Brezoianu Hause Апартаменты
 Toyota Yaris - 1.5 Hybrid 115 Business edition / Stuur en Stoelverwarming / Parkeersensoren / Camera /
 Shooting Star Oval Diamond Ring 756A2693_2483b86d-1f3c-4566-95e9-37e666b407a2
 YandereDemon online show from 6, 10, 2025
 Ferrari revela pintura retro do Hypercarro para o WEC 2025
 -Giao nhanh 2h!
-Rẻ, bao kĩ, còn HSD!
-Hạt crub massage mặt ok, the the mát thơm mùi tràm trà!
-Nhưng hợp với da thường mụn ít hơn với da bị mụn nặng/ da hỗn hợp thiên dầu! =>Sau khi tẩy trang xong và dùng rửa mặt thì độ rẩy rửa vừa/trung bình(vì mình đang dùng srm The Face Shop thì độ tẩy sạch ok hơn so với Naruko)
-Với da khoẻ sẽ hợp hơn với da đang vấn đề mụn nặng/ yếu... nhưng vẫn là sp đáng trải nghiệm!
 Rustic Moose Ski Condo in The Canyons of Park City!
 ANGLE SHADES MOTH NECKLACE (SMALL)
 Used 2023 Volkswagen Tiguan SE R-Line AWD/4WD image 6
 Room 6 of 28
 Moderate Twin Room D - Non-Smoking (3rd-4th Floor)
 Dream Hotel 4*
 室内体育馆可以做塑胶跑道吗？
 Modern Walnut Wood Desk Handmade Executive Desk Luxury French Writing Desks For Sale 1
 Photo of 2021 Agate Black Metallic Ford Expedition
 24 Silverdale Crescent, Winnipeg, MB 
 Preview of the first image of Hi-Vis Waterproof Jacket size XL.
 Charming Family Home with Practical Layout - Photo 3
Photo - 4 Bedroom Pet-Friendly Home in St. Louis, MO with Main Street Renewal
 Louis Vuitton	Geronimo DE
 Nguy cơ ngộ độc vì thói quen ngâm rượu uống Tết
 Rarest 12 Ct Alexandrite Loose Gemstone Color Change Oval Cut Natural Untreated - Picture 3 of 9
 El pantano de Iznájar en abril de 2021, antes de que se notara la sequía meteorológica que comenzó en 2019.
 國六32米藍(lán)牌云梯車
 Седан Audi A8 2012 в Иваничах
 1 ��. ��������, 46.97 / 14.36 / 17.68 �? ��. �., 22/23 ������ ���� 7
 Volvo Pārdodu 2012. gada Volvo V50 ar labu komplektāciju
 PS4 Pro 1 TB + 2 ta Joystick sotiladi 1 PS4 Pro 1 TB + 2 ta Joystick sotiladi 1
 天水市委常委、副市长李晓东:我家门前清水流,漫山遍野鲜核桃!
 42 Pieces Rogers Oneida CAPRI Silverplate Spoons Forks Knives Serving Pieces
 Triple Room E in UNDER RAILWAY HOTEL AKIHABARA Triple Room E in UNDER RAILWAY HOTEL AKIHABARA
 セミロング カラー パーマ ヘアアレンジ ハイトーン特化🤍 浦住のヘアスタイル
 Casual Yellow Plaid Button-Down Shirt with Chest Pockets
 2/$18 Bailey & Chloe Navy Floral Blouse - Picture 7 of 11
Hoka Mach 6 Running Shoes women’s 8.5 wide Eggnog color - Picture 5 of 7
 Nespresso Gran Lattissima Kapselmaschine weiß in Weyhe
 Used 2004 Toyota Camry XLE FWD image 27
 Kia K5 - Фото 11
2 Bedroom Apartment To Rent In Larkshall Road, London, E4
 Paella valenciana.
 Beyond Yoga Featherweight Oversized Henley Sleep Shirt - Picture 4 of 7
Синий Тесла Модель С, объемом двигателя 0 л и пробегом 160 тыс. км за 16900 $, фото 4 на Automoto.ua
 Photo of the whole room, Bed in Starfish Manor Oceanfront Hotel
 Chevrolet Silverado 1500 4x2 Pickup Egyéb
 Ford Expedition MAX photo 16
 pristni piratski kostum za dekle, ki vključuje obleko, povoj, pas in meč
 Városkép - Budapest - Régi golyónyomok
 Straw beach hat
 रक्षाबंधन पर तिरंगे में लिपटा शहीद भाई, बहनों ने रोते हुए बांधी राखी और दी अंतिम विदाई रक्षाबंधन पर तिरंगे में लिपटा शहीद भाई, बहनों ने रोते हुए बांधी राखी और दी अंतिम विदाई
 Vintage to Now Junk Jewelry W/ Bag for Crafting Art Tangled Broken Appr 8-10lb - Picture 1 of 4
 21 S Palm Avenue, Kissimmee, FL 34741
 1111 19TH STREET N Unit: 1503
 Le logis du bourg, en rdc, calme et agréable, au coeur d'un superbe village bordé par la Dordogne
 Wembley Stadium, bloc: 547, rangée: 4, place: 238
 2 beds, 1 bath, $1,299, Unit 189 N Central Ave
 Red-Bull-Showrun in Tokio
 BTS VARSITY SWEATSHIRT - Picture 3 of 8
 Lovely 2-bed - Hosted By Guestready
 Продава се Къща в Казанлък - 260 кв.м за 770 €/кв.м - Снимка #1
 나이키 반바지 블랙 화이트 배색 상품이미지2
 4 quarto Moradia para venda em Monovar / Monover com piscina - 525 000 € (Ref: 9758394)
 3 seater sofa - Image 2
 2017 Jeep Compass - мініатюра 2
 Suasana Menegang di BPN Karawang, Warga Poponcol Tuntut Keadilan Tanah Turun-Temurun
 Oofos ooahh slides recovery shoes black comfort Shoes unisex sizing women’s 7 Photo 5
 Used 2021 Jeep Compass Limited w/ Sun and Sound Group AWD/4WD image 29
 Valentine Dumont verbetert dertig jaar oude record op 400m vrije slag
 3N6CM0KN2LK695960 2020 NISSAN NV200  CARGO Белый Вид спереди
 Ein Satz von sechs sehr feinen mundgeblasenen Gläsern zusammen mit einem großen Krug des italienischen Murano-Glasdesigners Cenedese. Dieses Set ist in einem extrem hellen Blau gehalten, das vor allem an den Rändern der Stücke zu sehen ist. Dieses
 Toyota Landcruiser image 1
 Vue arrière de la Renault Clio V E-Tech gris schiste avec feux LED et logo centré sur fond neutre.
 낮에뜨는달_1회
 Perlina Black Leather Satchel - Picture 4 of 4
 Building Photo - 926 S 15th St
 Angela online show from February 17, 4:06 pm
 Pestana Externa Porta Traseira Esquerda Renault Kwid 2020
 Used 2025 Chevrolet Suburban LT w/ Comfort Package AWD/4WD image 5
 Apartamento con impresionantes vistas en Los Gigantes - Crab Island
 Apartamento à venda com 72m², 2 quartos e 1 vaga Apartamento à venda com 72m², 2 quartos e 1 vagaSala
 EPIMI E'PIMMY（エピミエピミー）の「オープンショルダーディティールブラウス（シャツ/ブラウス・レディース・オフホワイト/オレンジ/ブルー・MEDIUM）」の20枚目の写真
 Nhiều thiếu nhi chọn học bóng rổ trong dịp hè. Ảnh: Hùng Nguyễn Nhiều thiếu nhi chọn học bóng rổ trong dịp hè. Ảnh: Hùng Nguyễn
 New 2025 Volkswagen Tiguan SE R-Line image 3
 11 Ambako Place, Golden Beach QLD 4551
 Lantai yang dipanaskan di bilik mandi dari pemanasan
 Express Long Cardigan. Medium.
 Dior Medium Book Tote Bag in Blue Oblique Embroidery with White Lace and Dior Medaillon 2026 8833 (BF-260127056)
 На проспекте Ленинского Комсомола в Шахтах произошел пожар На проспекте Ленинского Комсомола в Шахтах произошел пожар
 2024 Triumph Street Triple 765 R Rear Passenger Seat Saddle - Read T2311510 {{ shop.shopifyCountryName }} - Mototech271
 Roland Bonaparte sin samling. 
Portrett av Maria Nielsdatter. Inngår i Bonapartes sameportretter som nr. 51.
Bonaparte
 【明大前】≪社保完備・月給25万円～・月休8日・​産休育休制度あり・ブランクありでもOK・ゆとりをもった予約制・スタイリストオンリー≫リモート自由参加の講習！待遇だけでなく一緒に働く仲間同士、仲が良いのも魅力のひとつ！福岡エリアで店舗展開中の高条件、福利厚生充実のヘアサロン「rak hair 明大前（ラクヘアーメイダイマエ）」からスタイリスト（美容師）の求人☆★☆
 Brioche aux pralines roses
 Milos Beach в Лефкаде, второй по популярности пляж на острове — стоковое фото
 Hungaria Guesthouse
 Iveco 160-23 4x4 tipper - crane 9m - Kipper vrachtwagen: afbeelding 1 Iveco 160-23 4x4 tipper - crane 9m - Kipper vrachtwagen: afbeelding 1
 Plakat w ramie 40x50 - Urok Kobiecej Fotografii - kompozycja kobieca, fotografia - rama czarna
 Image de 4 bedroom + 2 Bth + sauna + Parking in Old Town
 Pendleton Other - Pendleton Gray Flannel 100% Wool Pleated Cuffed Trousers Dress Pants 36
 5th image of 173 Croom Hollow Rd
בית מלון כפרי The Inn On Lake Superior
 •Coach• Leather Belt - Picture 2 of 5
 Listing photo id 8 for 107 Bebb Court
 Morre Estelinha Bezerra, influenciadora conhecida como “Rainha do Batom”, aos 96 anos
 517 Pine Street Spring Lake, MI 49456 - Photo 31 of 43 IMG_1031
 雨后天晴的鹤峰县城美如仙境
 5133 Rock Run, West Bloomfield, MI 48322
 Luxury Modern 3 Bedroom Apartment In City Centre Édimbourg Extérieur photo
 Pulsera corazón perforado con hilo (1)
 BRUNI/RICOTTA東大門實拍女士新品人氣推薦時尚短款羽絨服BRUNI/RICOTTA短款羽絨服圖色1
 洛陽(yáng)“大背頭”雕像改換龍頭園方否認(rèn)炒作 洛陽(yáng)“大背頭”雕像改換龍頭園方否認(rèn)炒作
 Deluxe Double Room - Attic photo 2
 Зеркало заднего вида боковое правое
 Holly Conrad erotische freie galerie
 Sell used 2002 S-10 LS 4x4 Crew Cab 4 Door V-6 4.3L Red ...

· · · ·

» **WORK ORDER**
Return exactly, and only, the lines above starting at the line that contains "1111 19TH STREET N Unit: 1503" and ending at the line that contains "EPIMI E'PIMMY（".

» **PROBLEM SOLUTION**
 1111 19TH STREET N Unit: 1503
 Le logis du bourg, en rdc, calme et agréable, au coeur d'un superbe village bordé par la Dordogne
 Wembley Stadium, bloc: 547, rangée: 4, place: 238
 2 beds, 1 bath, $1,299, Unit 189 N Central Ave
 Red-Bull-Showrun in Tokio
 BTS VARSITY SWEATSHIRT - Picture 3 of 8
 Lovely 2-bed - Hosted By Guestready
 Продава се Къща в Казанлък - 260 кв.м за 770 €/кв.м - Снимка #1
 나이키 반바지 블랙 화이트 배색 상품이미지2
 4 quarto Moradia para venda em Monovar / Monover com piscina - 525 000 € (Ref: 9758394)
 3 seater sofa - Image 2
 2017 Jeep Compass - мініатюра 2
 Suasana Menegang di BPN Karawang, Warga Poponcol Tuntut Keadilan Tanah Turun-Temurun
 Oofos ooahh slides recovery shoes black comfort Shoes unisex sizing women’s 7 Photo 5
 Used 2021 Jeep Compass Limited w/ Sun and Sound Group AWD/4WD image 29
 Valentine Dumont verbetert dertig jaar oude record op 400m vrije slag
 3N6CM0KN2LK695960 2020 NISSAN NV200  CARGO Белый Вид спереди
 Ein Satz von sechs sehr feinen mundgeblasenen Gläsern zusammen mit einem großen Krug des italienischen Murano-Glasdesigners Cenedese. Dieses Set ist in einem extrem hellen Blau gehalten, das vor allem an den Rändern der Stücke zu sehen ist. Dieses
 Toyota Landcruiser image 1
 Vue arrière de la Renault Clio V E-Tech gris schiste avec feux LED et logo centré sur fond neutre.
 낮에뜨는달_1회
 Perlina Black Leather Satchel - Picture 4 of 4
 Building Photo - 926 S 15th St
 Angela online show from February 17, 4:06 pm
 Pestana Externa Porta Traseira Esquerda Renault Kwid 2020
 Used 2025 Chevrolet Suburban LT w/ Comfort Package AWD/4WD image 5
 Apartamento con impresionantes vistas en Los Gigantes - Crab Island
 Apartamento à venda com 72m², 2 quartos e 1 vaga Apartamento à venda com 72m², 2 quartos e 1 vagaSala
 EPIMI E'PIMMY（エピミエピミー）の「オープンショルダーディティールブラウス（シャツ/ブラウス・レディース・オフホワイト/オレンジ/ブルー・MEDIUM）」の20枚目の写真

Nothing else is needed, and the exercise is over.